Erdogan said, "Europe is swiftly rolling back to the days before World War II." 

EU expects Turkey to comply with refugee accord

Meanwhile, the European Commission (EC), the EU's politically independent executive arm, said on Thursday that the bloc expects Turkey to honor the refugee deal.

"We remain committed to the implementation of the EU-Turkey statement.... This is an engagement of mutual trust and delivery and we expect that both sides will comply with their commitments," EC spokesman, Margaritis Schinas, said.

Dutch liberals, fascists not different: Cavusoglu

In a related development, Turkish Foreign Minister Mevlut Cavusoglu said there was "no difference" between the ruling Dutch liberals and the "fascist" politician Geert Wilders, adding “they have the same mentality."

Turkish Foreign Minister Mevlut Cavusoglu addresses supporters during a political rally on Turkey's upcoming referendum, in Metz, France, March 12, 2017. (Photo by Reuters)

Cavusoglu made the remarks, cited by the state-run Anadolu news agency, a day after general elections were held in the Netherlands.

With 99 percent of votes counted, Dutch Prime Minister Mark Rutte’s VVD Liberal party has won 33 of parliament's 150 seats while far-right Wilders of the PVV Party is second with 20 seats.

"Where are you going, where are you taking Europe?" Cavusoglu asked, addressing European leaders.

"You have begun to disintegrate Europe and take Europe to the cliff.

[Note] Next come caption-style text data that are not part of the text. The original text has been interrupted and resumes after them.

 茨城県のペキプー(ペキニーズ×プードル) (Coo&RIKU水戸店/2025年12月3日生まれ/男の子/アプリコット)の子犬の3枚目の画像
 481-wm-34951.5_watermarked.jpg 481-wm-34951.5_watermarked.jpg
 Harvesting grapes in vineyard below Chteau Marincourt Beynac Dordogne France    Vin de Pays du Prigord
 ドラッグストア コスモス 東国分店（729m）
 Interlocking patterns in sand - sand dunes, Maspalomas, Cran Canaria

Soon religious wars will begin in Europe," he warned.

Dutch PM Mark Rutte (R) talks with Dutch far-right politician Geert Wilders after the general election in The Hague, Netherlands, March 16, 2017. (Photo by Reuters)

The top Turkish diplomat further questioned Amsterdam's understanding of "humanity, democracy and freedom," saying Turkey would not remain passive against the recent Dutch moves.

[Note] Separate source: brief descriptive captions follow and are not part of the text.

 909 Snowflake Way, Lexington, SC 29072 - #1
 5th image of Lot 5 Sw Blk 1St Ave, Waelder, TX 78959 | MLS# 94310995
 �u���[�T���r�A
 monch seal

Turkey’s dispute with the EU erupted earlier this month after Germany and the Netherlands blocked Turkish ministers from holding rallies to secure a 'Yes' vote in next month's referendum on expanding Erdogan's powers.

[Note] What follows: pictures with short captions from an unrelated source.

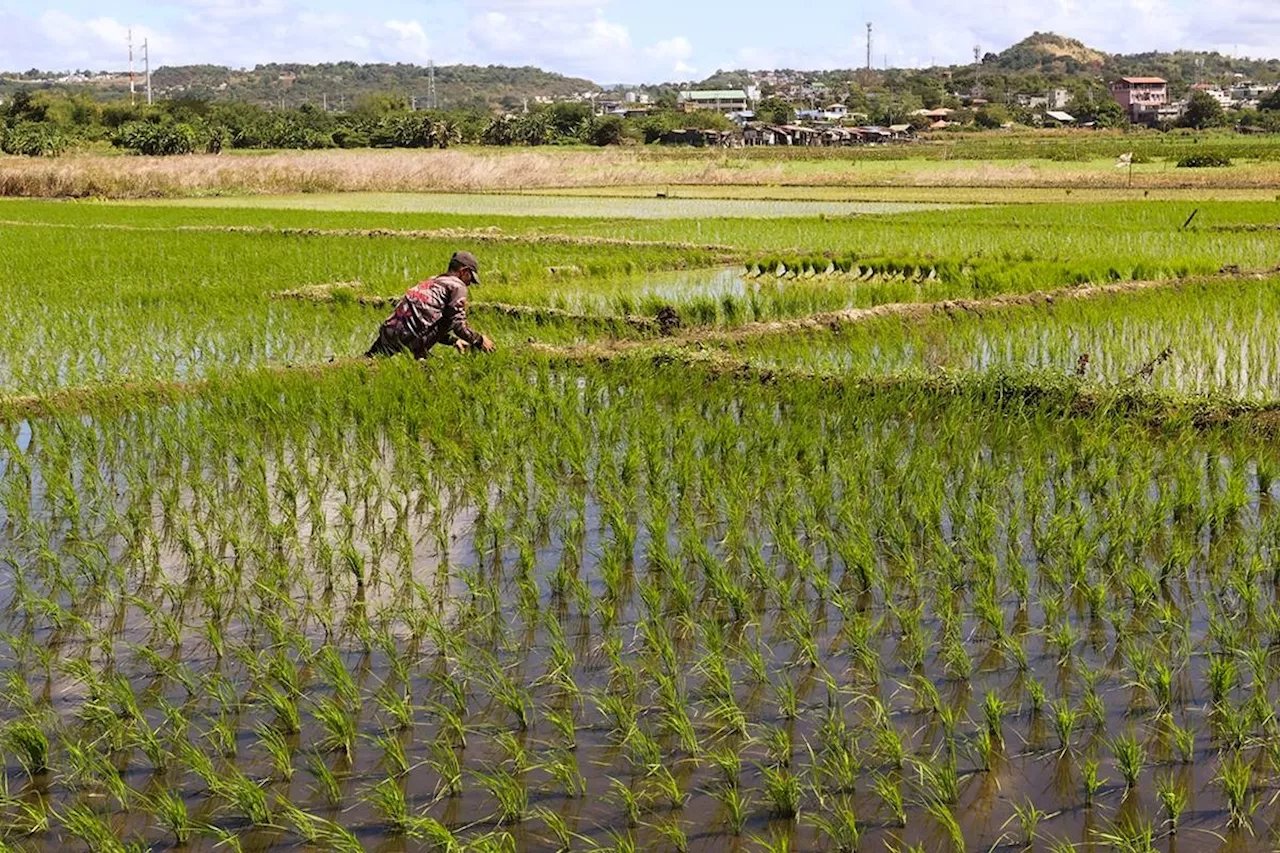 New Engineers Urged to Modernize Philippine Agriculture for Food Security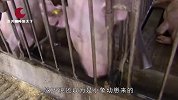 农村母猪产下“大象猪”，村民看后一脸疑惑，专家看后却这样说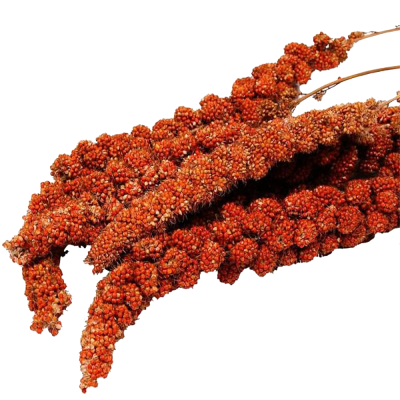 Espigas de painço avermelhado com grãos pequenos e numerosos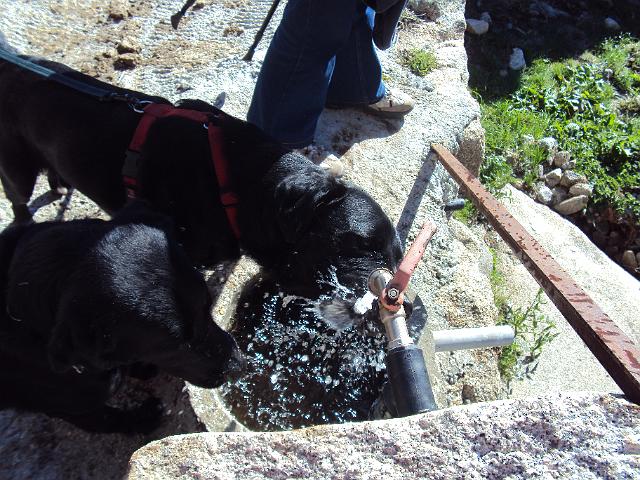 215- Até os cães tinham sede.JPG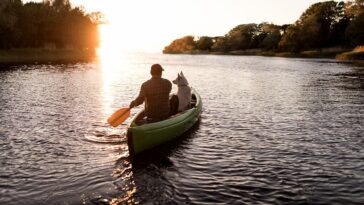 man-who-beat-rare-cancer-celebrates-by-canoeing-2,000-miles-with-his-dog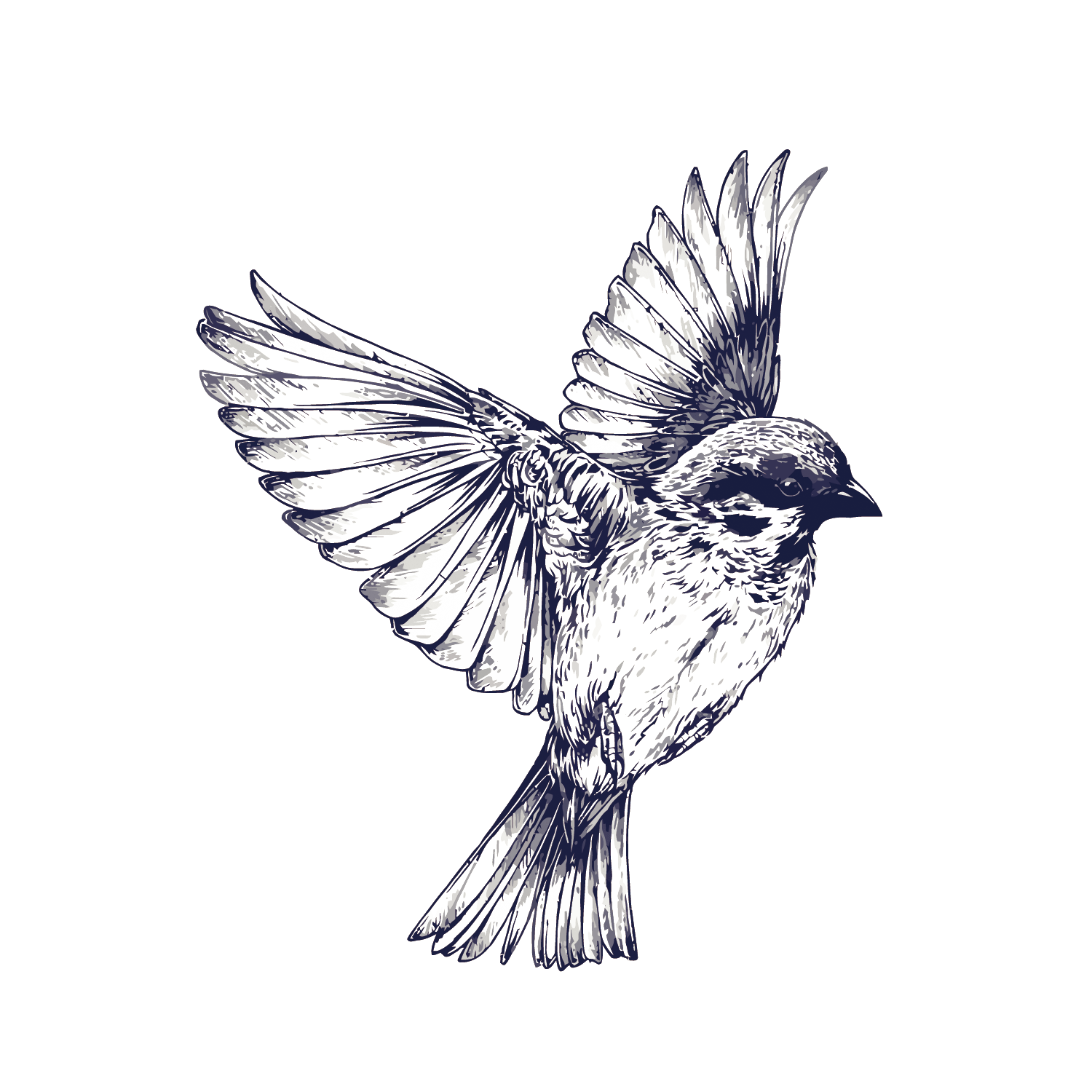 Vector Swallow PNG PNG All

The Turkish president has accused the European countries of acting like "Nazis.”

Hollande, Merkel rap Erdogan’s Nazi jibe

French President Francois Hollande and German Chancellor Angela Merkel spoke on the phone on Thursday and condemned Erdogan’s Nazi jibe.

In a joint statement released by the French president's office, the two officials said they "consider comparisons with Nazism and aggressive statements against Germany and other member states unacceptable.”

Bulgaria-Turkey ties sour 

In another development on Thursday, Bulgaria recalled its ambassador to Turkey for consultations but the Bulgarian Foreign Ministry did not provide any further details about the move.

The move came after Sofia summoned Turkey's envoy last week after he supported Bulgaria’s pro-Turkish Dost party, which is running in the snap parliamentary election on March 26.

The eastern European country further accused Ankara of "direct interference in Bulgarian domestic affairs" by encouraging some 60,000 Bulgarian citizens living in Turkey to vote for Dost party.